Last weekend, I spent a few days in one of the most spectacular cities in the world, Paris, France. A friend and I spent 4 days in the city, site seeing and taking in the culture. After my short stint there, I left feeling thoroughly impressed but significantly poorer than when I first came. Paris is definitely a great city, but its greatness is funded by ridiculously expensive, well, everything.
While we wanted to see "real" Paris and try to spend some time off of the beaten path, we also could not allow ourselves to miss any of the major sites. So, we ended up spending most of our time site seeing at all of the major points in the city. The next time that I am in Paris, I hope to spend a bit more time in some of the more remote areas of the city, taking in the real Parisian culture, but for this first time, a tourist's whirlwind would have to do. The charm of the city is rooted in the same things that the rest of Europe boasts, mainly the interconnected coexistence of history and modernity that creates a sort of unexplainable existential argument that can be seen on every street corner, cafe, and pastry shop. The Eiffel Tower and the Arc de Triomphe loom over their respective parts of the city, reminding everyone around of what once was. Most tourists who visit these places aren't even really aware of what they are actually looking at. But, they look nonetheless in awe of the beauty of the structures. At the Louvre and the Musee d'Orsay, I was able to see the Mona Lisa and works from Michaelangelo, Van Gogh, Matisse, Renoir, Degas, Monet, Manet, and several other of the worlds greatest artists.

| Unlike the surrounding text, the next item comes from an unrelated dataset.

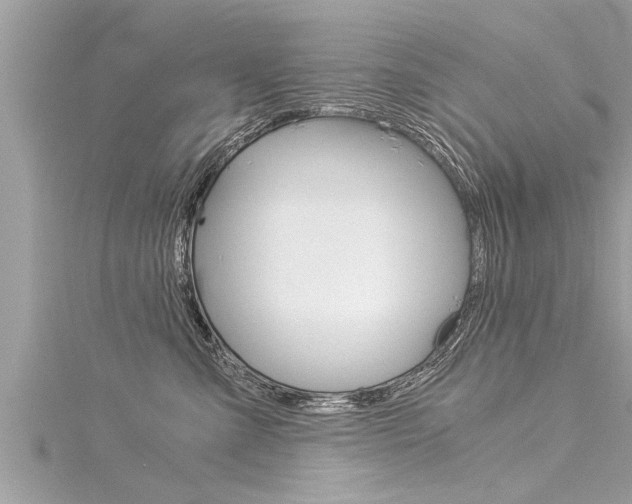 X0000116020427200911200943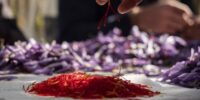 ZAFFERANO DELL’AQUILA DOP: CUCCHIELLA,<br> “PRODUZIONE A RISCHIO, COSTI ELEVATI E CRITICITA'”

My friend and I also visited Versailles, in the suburbs of Paris, which put into perspective the amount of excess that was prominent in the days of the old kings and queens of Europe. The mansion that has been home to several French royal families and various historically important events and famous guests, is lined with extravagant paintings, intricate tapestries, and ostentatious decorations that make you forget that you are walking through the halls of someone's house, not a museum full of artifacts. The gardens, which were covered in snow, are said to be some of the most beautiful in the world. We were able to appreciate them in their state of winter sleep, taking some pictures of the pond and trees that captured the serenity of the area, but in the summer I can imagine that the blooms of the flowers and trees coupled with a slight breeze and a bright blue sky would be surreal.
The food in Paris was pretty good, too, but then again, I didn't really eat that much of it. Of course, I ate, but eating real French food turned out to be laughingly expensive and a bit hard to track down. We had one real meal at which my friend ate duck and I had rabbit, but other than that we ate at local eateries that offered pretty standard menu options. It didn't seem to be like some of the other cities that I have been to in which they advertise their traditional dishes and make them readily available to anyone with clear vision. I know of the popularity and prestige of French cuisine, but I was definitely surprised by the difficulty that we had actually finding some and it being affordable.
Our only problem came in the form of a cancelled flight that left us in the city for an extra day. We had to miss work and pay for another night in the hostel, but even with those added inconveniences, I can definitely think of things that are much worse than getting 'stuck' in Paris for another day. Paris turned out to be a fun city to see, one full of history and beauty that pictures do little justice in actually capturing. While I don't think that it will be my favorite city that I visit, I am glad that I was able to go and to see more of the fascinating history and culture that comprises the network of countries on this intriguing continent.